Earlier I proposed a filename such as "dn1_translation-en-sujato.suggestions.json", it would be using a deliberately weird filename for weird contents. This could also be described as second level standoff data, like the first level is root string, translation string, markup string. But the suggestion is actually specifically with reference to the translation string, it can't stand alone unlike the root or translation. A name like dn1_translation-en-sujato.suggestions.json or dn1_translation-en-sujato_suggestions.json would reflect this second level nature rather than masquerading as first level data.

The Summary and critical questions:

  1. The use of Pull Requests is absolutely not an option, accept no compromise.
  2. Storing the suggestions primarily in ArangoDB with it being backed to the git repo is by far the most straightforward and painless implementation.
  3. How interested are we in seeing resolved suggestions?

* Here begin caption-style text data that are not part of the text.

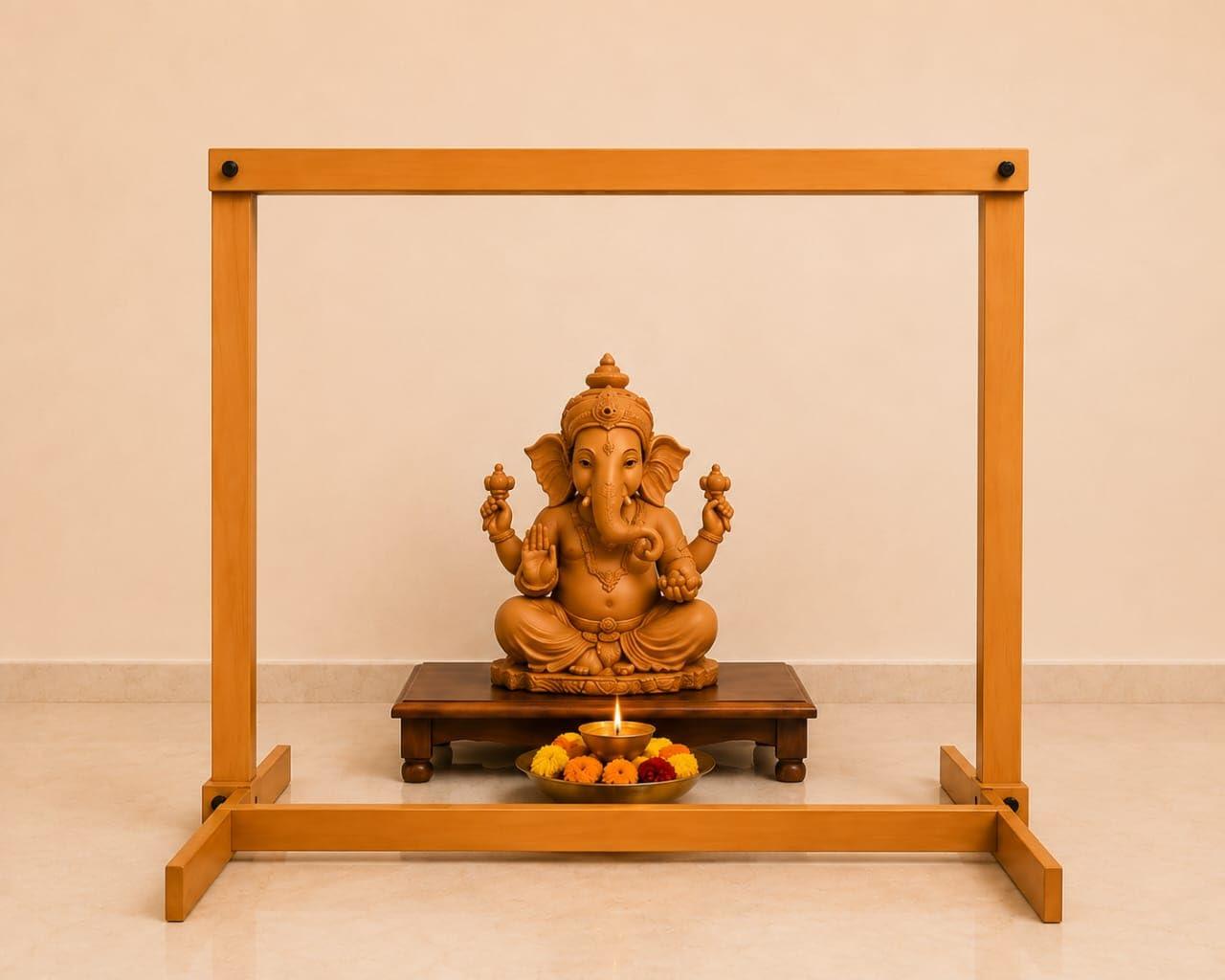 VRB DecTM 1 Pcs Ganpati Decoration items for Home, Backdrop stand for decoration,Backdrop for Pooja Decoration, Ganpati decoration mandap, Ganesh chaturthi decoration items Diwali Pooja Festival Decoration (Design No. 1)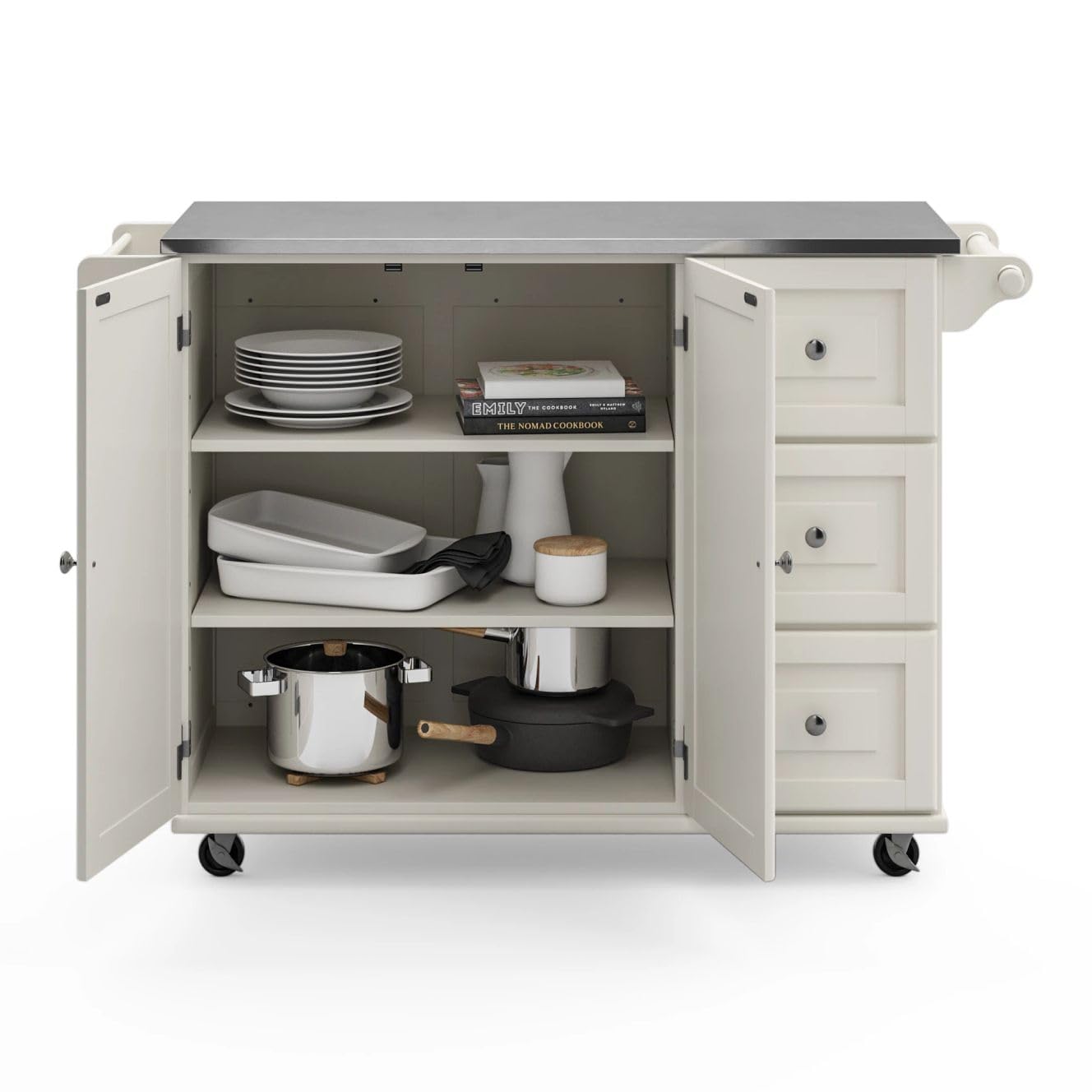 Homestyles Dolly Madison 54-Inch Rolling Kitchen Island with Storage & Towel Rack - Mobile Kitchen Cart for Small Spaces, Off White - Perfect for Apartments, Dorms & Compact Kitchens
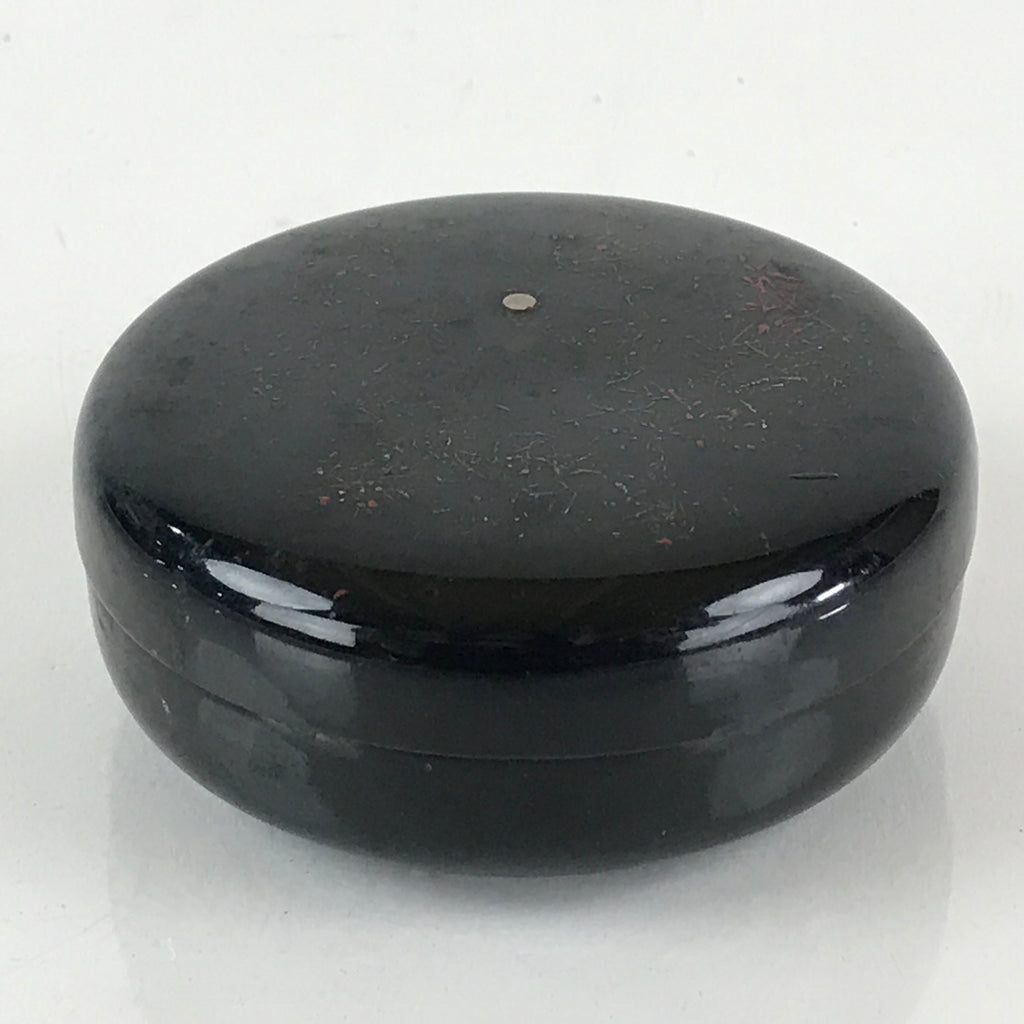 Japanese Buddhist Altar Fitting Incense Container Vtg Round Kogo Black BU812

Should they be updated as "Accepted"/"resolved" and written to the suggestions file, or should they be removed from the suggestion file with accepted/rejected noted in the commit message? If we want to quickly be able to see all past suggestions for a segment, or the like, then that informs how the data should be stored so Bilara can quickly fetch it for rendering views.
  4. What should the form and naming of suggestion files be? The simplest is literally just a single JSON file dumped from the database, everything in one file, serving mainly as a backup but technically allowing history to be reviewed by a sufficiently motivated human. A more human friendly scheme could be devised which uses logical stand-off style structuring.
sujato commented 2 years ago

The use of Pull Requests is absolutely not an option, accept no compromise.

Okay! I bow to your gitliness!

Storing the suggestions primarily in ArangoDB with it being backed to the git repo is by far the most straightforward and painless implementation.

Great, let's do that then.

How interested are we in seeing resolved suggestions?

Not very? Looking back at my previous statements, these things don't seem so important to me now. It might be occasionally helpful for a translator, but generally speaking, you just want to see the suggestion, accept or reject it, then move on.

What should the form and naming of suggestion files be? The simplest is literally just a single JSON file dumped from the database

Then do that!

For viewing the history, a non-technical user can use githistory:

https://githistory.xyz/suttacentral/bilara-data/blob/published/translation/en/sujato/sutta/mn/mn100_translation-en-sujato.json

In fact, I wonder if we could provide this as an option for viewing the history of a file? A link on the Bilara page to the githistory of the different things—translation, suggestions, comments, etc. Anyway, just a thought!